▶ [TO DO]:
Exactly the lines from the line that has "whos got it" through the final line below are to be retyped, and the pictures are not.

(Beginning of SUPPLIED INFORMATION)

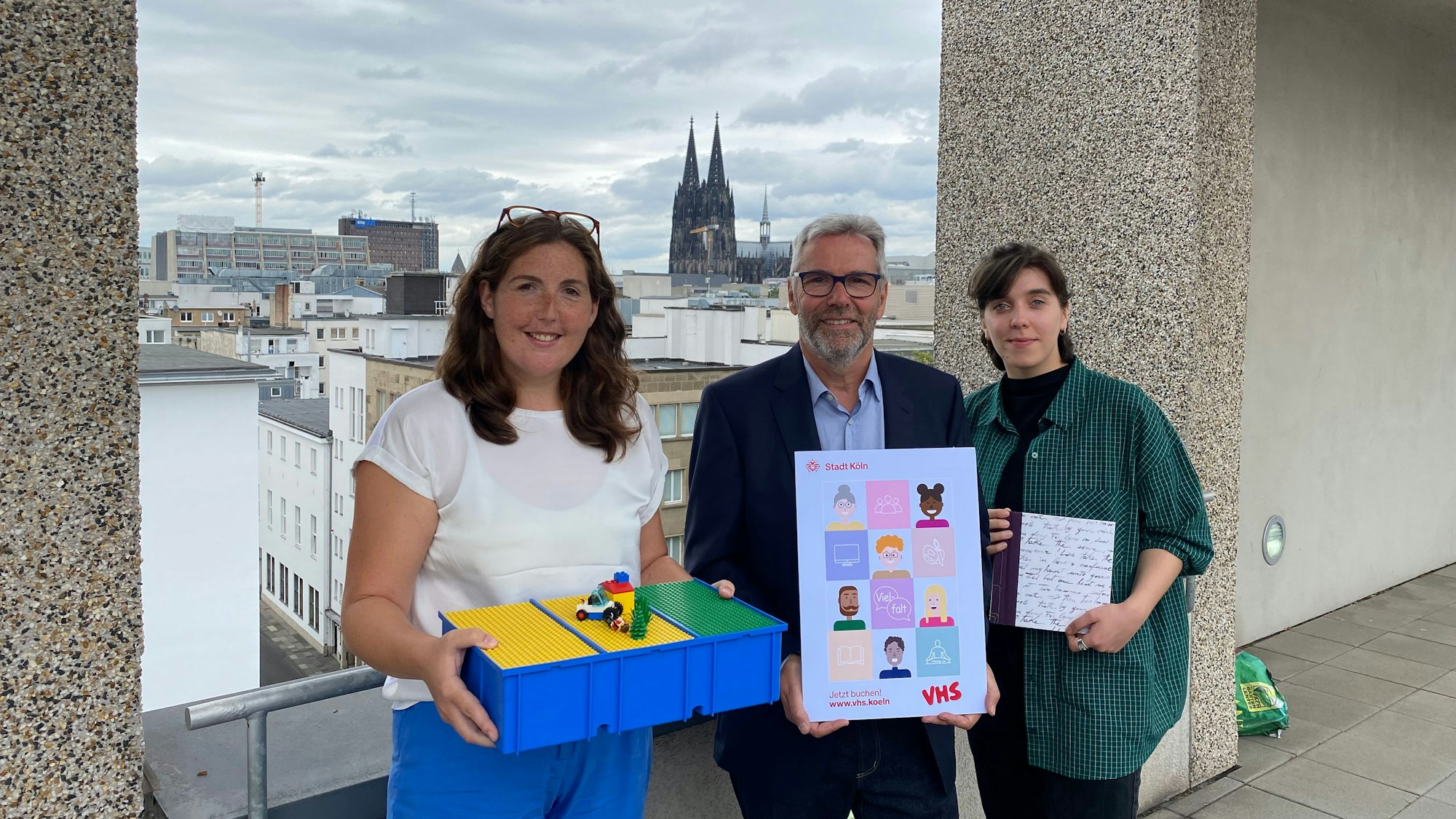 Auf dem Bild sieht man drei Leute auf einer Dachterrasse mit dem Kölner Dom im Hintergrund.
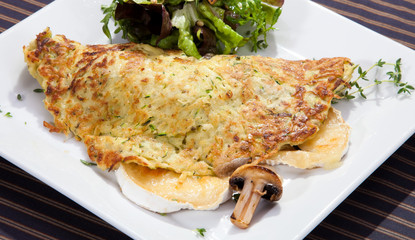 Potato pancake filled by camembert and mushrooms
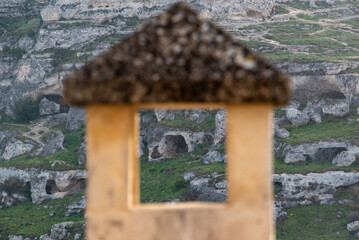 View on cave houses in Matera, seen through a chimney, Sassi di Matera in Southern Italy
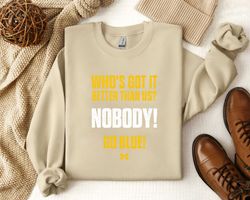 whos got it better than us nobody go blue shirt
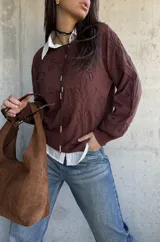 Sweater de tejido de punto color chocolate, con diseño de flores bordadas en relieve, cuello redondo y mangas largas con puños elásticos.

(End of SUPPLIED INFORMATION)

▶ [RESPONSE TO THIS TASK]:
 whos got it better than us nobody go blue shirt
 Sweater de tejido de punto color chocolate, con diseño de flores bordadas en relieve, cuello redondo y mangas largas con puños elásticos.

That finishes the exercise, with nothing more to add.